§ Aim of the exercise: Your copy should begin with the line containing "Retro Vinyl Coasters - Set of 4", end with the line containing "Εκπαιδευτικό ανδρείκελο VEVOR", match the listing below exactly, and contain no pictures.

§ Data shown:
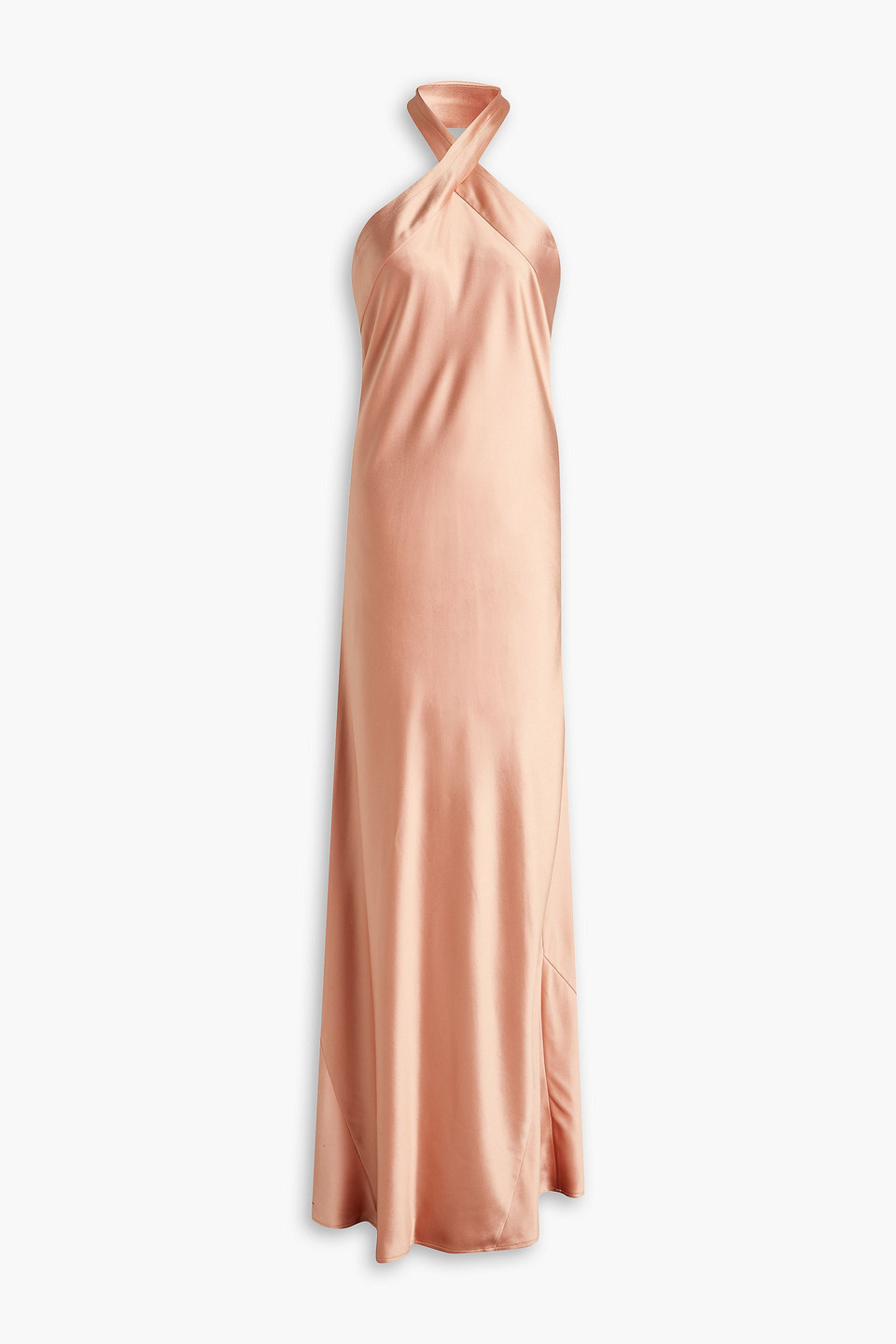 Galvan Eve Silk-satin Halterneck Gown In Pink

--

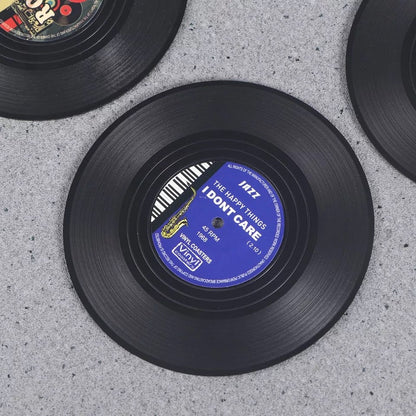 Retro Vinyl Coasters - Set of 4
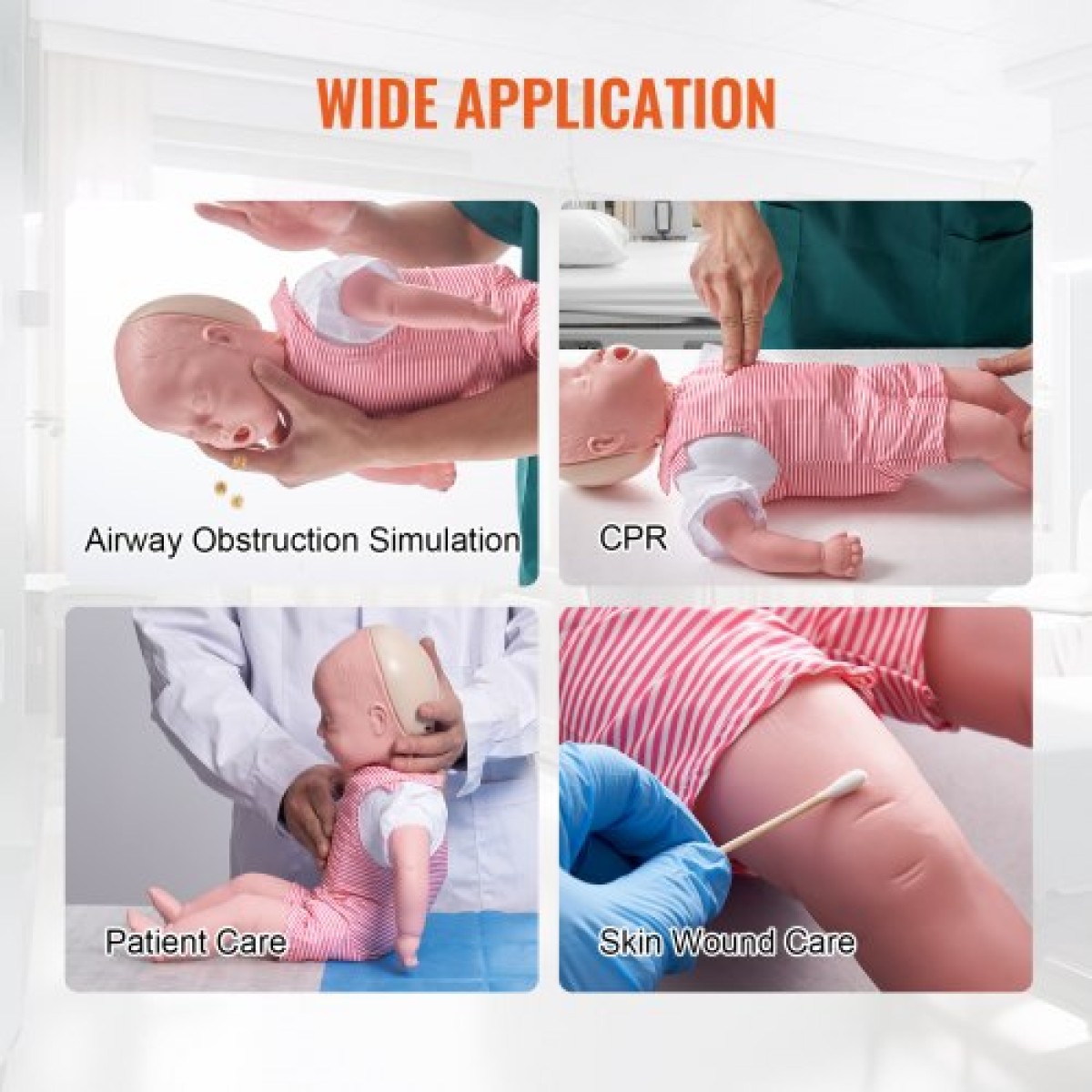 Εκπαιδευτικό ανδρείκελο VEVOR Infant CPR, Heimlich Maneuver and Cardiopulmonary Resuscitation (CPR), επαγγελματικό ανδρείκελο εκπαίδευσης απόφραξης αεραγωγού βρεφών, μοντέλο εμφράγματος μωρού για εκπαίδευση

...

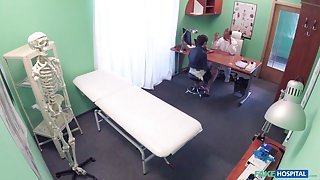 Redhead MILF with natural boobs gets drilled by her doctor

§ Exercise response:
 Retro Vinyl Coasters - Set of 4
 Εκπαιδευτικό ανδρείκελο VEVOR Infant CPR, Heimlich Maneuver and Cardiopulmonary Resuscitation (CPR), επαγγελματικό ανδρείκελο εκπαίδευσης απόφραξης αεραγωγού βρεφών, μοντέλο εμφράγματος μωρού για εκπαίδευση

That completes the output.